Bei dieser Veranstaltung waren Paris und Berlin zu Gast in Düsseldorf. „Konzeptionen für ein modernes Museum der Weltkulturen: Musée du quai Branly, Paris und Humboldt Forum im Berliner Schloss“ war der Abend im Haus der Universität betitelt. Die Veranstalter, der Freundeskreis Düsseldorf im Förderverein Berliner Schloss und das Institut Français, hatten zwei renommierte Experten eingeladen. Blandine Sorbe ist stellvertretende Direktorin des „Musée du quai Branly – Jacques Chirac, das vor 12 Jahren im Herzen von Paris eröffnet wurde. Mit seinen Beständen ist es das nationale französische Museum für außereuropäische Kunst. Für das noch unfertige Berliner Humboldt-Forum, dem ein ähnliches Konzept zugrunde liegt, war Hermann Parzinger angereist, der Präsident der Stiftung Preußischer Kulturbesitz.

Von Claus Clemens

Beide Redner zeigten in ihren Vorträgen und bei der im Anschluss von RP-Kulturchef Lothar Schröder moderierten Diskussion viele Parallelen zwischen den beiden Museen auf. Im Fokus standen aber vor allem Fragen der Provenienz und Restitution. Für die französische Seite beschrieb Blandine Sorbe die aktuell hochemotional geführte Debatte, die Präsident Emmanuel Macron losgetreten hat. Bei seinem ersten offiziellen Besuch auf dem afrikanischen Kontinent erklärte er im November letzten Jahres in Ouagadougou, der Hauptstadt von Burkina Faso: „Ich will, dass man innerhalb der nächsten fünf Jahre die Bedingungen schafft für eine zeitweise oder dauerhafte Restitution des afrikanischen Kulturerbes.“

Zwei Jahre vorher hatte der damalige Außenminister Jean-Marc Ayrault noch formuliert, dass alle Kulturgüter der Museen, egal welcher Herkunft, zum „unveräußerbaren“ Besitz des Staates gehörten und somit eine Restitution nicht möglich wäre. Blandine Sorbe kann das juristische Dilemma nachvollziehen, das je nach Ausgang gravierende Folgen für ihr Museum hätte: „Vielleicht gelingt es ja, die verzwickte Rechtslage auf eine neue Grundlage zu stellen.“

Auf der deutschen Seite sieht sich Hermann Parzinger, der Präsident der Stiftung Preußischer Kulturbesitz und Gründungsintendant des Humboldt-Forums, mit einem ganz anderen Problem konfrontiert: nämlich der Vermischung der Debatte um Raubkunst aus jüdischer Provenienz und den Vorwürfen, ethnografische Bestände seien belastet mit „Blut, geflossen in kolonialer Zeit“.

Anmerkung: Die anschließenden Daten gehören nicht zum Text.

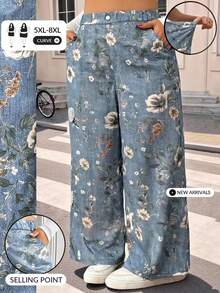 SHEIN CURVE+ Damen Große Größen Bedruckte Elastische Taille Weite Beine Lockere Lässige Hose Strandkleidung Herbst, Winter 2026 22W - Verschiedenfarbig - Übersicht 6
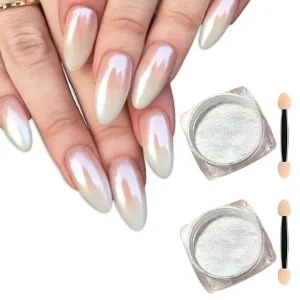 Nail Art Salon Chrome Pearl Aurora Powder For Acrylic Nails Resin Super White Glitters Pigment With Mirror Effect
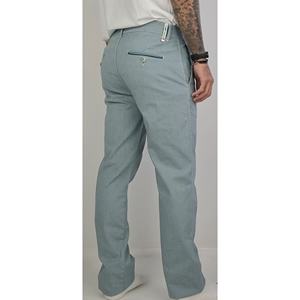MONTIZON ALTEA Pants Turkish Blue 100% Cotton Chinos Zipper Decorations Anti-Pilling <b>Man</b> <b>Trousers</b> <b>Baggy</b> Style Mid Waist Size XL - Product Image 1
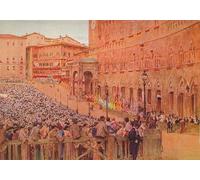 PMEFGJDPE Famous Poster Wall Decor Art Print Images the Palio of by Walter Frederick Roofe Tyndale Animal Posters for Home Decor 60x90cm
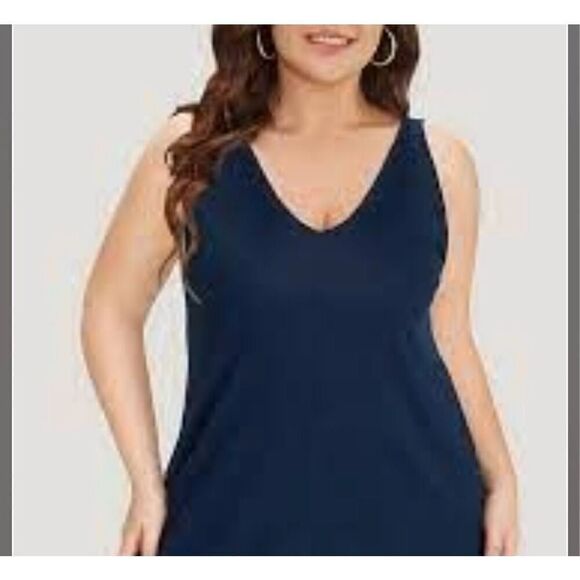 NWT BLOOMCHIC Supersoft Essentials Solid Patchwork Sleeveless Pullover-Indigo-SI - Picture 1 of 5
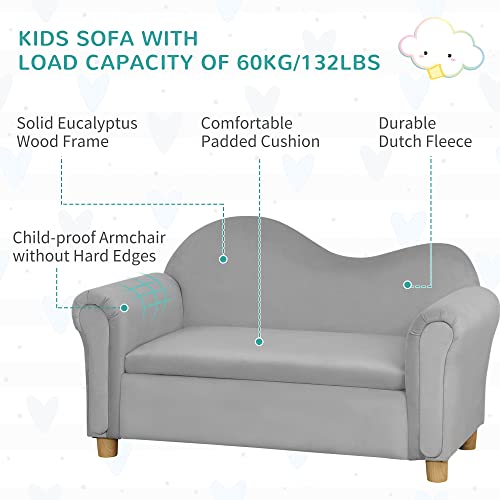Qaba Ergonomic Foam Kids Sofa with Inner Toy Storage Chest, Velvet Kids Couch with Soft Arms, Children's Lounge Furniture, Grey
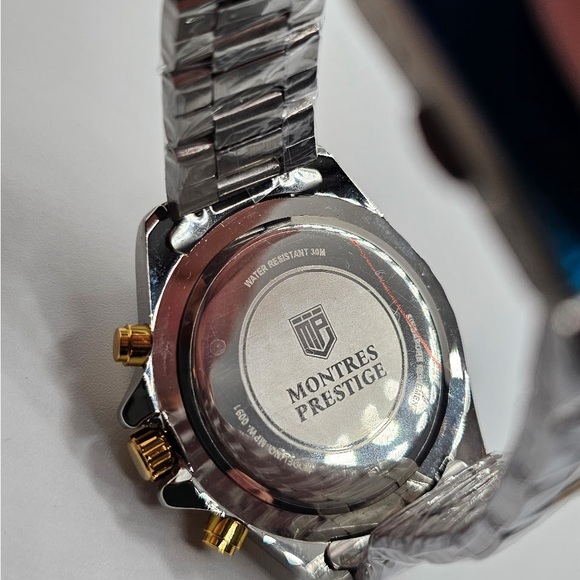 Montres Prestige Blue and Gold Chronograph Watch - Picture 6 of 7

Hermann Parzinger und seine Mitstreiter planen, durch gemeinsame Projekte und Forschungsarbeiten mit Wissenschaftlern außereuropäischer Länder die Lage zu versachlichen. Auch deshalb, weil – so der Gast aus Berlin – „die meisten Objekte aus Kulturen anderer Länder, auch die der zeitweise kolonisierten, durch frühere Forschungsreisen oder Kauf in deutschen Besitz gelangt sind.“

Ende 2019 soll das Humboldt-Forum im Berliner Schloss eröffnet werden, zunächst für drei Jahre bei freiem Eintritt.